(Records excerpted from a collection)
========
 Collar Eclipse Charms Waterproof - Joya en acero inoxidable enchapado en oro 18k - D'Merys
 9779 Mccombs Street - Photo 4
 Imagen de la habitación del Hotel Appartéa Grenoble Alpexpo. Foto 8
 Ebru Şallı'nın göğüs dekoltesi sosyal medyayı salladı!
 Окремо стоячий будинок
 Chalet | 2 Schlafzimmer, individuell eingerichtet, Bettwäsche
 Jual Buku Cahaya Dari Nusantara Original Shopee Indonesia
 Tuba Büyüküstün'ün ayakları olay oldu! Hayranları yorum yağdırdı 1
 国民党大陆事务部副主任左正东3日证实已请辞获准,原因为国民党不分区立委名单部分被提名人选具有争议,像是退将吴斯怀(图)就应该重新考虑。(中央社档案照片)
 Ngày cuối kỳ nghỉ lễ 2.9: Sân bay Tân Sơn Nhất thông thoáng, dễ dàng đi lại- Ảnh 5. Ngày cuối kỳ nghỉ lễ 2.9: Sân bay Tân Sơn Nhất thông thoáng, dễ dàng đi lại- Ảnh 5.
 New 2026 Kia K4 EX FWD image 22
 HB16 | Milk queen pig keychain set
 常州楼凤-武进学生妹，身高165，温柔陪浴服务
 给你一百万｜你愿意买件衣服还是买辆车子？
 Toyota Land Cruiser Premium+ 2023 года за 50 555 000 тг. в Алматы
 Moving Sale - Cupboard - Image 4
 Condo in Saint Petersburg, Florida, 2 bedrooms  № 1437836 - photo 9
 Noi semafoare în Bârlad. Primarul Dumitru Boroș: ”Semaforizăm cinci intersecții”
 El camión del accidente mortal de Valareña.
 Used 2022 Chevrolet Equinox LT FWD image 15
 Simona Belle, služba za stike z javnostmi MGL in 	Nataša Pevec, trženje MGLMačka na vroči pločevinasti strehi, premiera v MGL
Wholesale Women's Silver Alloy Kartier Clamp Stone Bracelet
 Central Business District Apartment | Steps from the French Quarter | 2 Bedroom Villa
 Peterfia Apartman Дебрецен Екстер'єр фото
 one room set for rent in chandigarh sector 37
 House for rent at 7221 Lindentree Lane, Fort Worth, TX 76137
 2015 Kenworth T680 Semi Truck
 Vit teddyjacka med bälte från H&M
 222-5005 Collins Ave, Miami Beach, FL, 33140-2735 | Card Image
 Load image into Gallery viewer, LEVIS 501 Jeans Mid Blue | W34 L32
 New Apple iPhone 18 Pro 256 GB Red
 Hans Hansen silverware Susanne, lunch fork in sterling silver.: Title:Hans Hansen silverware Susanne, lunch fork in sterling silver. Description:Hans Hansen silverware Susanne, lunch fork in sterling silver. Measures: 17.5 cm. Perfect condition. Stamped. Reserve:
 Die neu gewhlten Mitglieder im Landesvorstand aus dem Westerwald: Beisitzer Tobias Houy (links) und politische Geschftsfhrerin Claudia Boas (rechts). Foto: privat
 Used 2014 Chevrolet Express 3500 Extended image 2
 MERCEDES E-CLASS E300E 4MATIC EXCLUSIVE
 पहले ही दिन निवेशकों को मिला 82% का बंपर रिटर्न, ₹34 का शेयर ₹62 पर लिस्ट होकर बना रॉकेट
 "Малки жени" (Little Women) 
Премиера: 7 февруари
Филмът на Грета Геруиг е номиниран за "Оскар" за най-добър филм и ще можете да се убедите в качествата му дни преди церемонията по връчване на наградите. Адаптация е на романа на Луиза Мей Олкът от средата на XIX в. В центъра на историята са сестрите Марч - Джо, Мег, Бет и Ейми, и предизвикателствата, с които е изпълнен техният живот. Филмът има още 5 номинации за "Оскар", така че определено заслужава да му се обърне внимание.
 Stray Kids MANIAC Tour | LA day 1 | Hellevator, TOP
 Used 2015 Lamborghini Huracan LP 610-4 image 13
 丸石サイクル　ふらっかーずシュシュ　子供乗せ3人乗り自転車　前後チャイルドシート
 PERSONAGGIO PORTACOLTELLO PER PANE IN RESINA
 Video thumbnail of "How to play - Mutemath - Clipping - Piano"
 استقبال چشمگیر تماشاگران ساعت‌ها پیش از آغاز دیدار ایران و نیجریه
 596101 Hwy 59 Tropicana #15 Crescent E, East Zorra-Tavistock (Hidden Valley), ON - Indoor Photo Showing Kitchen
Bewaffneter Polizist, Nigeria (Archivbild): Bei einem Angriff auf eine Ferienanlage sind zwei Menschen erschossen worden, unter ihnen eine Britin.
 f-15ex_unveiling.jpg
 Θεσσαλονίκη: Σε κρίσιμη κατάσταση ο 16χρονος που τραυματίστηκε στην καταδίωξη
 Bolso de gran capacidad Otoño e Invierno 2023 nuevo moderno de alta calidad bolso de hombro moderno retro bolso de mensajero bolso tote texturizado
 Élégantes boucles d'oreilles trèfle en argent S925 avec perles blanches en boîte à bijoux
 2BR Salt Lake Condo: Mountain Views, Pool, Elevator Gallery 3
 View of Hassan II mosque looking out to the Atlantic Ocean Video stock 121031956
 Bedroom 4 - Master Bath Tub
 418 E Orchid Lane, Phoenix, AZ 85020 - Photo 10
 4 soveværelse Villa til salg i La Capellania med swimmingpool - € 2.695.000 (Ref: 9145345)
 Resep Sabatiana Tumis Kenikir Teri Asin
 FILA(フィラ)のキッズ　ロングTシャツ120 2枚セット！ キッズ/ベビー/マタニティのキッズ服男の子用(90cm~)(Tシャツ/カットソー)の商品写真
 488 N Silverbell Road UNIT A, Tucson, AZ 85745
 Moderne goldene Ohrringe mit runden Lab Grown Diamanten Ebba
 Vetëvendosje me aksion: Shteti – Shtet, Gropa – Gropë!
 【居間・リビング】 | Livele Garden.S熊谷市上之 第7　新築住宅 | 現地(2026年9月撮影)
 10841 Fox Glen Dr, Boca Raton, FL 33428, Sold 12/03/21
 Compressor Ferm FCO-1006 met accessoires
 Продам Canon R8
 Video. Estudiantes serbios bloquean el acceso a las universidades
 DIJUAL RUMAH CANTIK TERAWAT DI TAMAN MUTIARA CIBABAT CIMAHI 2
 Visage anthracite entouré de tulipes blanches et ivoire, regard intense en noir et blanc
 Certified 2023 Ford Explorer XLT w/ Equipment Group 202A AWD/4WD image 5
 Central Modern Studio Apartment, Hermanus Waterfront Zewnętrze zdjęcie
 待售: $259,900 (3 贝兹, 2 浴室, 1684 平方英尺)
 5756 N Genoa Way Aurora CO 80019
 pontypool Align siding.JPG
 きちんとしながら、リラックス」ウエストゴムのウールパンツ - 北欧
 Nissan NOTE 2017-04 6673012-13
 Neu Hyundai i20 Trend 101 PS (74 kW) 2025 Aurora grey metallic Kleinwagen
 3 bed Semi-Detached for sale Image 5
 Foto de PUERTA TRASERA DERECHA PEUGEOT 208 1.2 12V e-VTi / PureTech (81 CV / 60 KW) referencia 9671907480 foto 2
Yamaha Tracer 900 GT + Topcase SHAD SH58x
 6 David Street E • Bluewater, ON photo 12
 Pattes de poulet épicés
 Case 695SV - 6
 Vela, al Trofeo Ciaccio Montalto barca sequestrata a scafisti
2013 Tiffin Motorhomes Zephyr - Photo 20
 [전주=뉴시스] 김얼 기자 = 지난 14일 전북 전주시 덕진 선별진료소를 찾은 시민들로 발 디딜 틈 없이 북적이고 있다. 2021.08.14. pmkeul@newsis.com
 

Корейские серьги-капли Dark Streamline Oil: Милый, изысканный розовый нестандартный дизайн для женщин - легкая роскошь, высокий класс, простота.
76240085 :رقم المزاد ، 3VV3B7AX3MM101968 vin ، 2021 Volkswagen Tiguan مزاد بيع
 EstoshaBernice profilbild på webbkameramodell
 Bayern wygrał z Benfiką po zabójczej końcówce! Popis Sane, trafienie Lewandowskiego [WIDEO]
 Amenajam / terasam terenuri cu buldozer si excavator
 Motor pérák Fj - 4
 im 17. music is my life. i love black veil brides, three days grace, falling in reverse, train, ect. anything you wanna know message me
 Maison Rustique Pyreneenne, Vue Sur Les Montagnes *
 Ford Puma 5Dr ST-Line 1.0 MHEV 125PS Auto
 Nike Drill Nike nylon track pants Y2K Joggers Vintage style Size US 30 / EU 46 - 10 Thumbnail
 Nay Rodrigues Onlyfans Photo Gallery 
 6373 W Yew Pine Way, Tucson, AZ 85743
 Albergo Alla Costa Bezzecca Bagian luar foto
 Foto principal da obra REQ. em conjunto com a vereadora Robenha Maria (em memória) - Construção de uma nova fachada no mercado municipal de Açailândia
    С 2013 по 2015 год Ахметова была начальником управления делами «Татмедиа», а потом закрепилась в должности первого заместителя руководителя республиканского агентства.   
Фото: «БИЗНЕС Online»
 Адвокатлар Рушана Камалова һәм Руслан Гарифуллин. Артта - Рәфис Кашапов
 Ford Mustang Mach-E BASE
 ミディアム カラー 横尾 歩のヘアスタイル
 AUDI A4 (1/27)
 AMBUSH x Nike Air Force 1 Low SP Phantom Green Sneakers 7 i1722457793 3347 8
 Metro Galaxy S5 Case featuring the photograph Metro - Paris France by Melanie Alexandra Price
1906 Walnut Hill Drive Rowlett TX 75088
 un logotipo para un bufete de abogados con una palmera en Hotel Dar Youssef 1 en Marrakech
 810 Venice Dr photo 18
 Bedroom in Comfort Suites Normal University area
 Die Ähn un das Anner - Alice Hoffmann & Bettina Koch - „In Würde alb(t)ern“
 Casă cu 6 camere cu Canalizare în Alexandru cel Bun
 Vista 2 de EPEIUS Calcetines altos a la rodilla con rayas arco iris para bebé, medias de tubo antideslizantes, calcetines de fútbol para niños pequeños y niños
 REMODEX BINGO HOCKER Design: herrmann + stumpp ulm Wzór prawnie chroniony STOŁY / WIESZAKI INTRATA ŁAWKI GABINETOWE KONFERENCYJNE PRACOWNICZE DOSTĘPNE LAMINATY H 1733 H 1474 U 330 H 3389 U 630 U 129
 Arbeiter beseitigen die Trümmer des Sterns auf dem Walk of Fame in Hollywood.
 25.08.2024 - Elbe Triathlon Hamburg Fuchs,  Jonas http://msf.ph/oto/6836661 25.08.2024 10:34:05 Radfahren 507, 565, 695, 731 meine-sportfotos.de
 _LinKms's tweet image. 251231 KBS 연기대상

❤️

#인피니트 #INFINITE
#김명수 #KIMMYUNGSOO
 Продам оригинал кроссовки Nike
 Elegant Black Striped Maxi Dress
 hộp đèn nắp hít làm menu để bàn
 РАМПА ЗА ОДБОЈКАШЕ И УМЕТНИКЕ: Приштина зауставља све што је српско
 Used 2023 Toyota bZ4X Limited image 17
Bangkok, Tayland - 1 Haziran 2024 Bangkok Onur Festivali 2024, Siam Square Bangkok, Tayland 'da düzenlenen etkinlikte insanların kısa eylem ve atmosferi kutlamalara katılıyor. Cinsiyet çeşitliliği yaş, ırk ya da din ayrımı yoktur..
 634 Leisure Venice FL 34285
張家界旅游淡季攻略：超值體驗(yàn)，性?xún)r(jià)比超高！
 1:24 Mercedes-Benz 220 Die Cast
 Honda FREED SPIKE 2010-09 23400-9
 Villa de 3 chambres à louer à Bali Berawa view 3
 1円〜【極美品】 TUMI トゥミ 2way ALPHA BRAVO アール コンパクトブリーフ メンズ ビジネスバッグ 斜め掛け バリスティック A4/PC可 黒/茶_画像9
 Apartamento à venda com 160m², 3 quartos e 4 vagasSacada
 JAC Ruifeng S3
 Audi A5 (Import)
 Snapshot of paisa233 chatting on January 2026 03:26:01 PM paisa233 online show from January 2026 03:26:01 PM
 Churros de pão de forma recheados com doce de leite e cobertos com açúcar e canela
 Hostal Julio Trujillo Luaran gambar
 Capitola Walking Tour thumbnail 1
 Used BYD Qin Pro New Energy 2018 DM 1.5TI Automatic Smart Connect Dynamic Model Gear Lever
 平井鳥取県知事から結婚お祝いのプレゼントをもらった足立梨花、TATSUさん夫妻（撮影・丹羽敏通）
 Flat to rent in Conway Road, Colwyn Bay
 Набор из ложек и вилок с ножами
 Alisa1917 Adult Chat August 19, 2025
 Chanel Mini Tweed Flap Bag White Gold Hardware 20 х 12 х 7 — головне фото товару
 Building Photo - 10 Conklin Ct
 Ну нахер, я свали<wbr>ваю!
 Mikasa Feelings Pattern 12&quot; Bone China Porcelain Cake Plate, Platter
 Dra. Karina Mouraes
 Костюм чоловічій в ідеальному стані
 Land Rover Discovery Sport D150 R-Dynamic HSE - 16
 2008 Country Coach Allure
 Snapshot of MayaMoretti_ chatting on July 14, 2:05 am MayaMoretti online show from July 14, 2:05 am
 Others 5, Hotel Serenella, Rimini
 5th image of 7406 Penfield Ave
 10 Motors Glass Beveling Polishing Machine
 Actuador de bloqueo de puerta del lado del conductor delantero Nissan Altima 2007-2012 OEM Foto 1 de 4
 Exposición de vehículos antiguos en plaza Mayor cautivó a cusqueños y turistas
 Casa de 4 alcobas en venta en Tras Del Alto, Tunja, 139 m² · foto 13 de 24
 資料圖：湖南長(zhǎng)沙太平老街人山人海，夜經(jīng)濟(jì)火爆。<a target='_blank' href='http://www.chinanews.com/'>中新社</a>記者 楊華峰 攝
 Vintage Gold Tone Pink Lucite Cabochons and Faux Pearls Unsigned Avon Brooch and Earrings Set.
========
> _ACTION ITEM_
If a line above holds the string "Lane", return it as it stands.

> _SOLUTION TO THIS EXERCISE_
 House for rent at 7221 Lindentree Lane, Fort Worth, TX 76137
 418 E Orchid Lane, Phoenix, AZ 85020 - Photo 10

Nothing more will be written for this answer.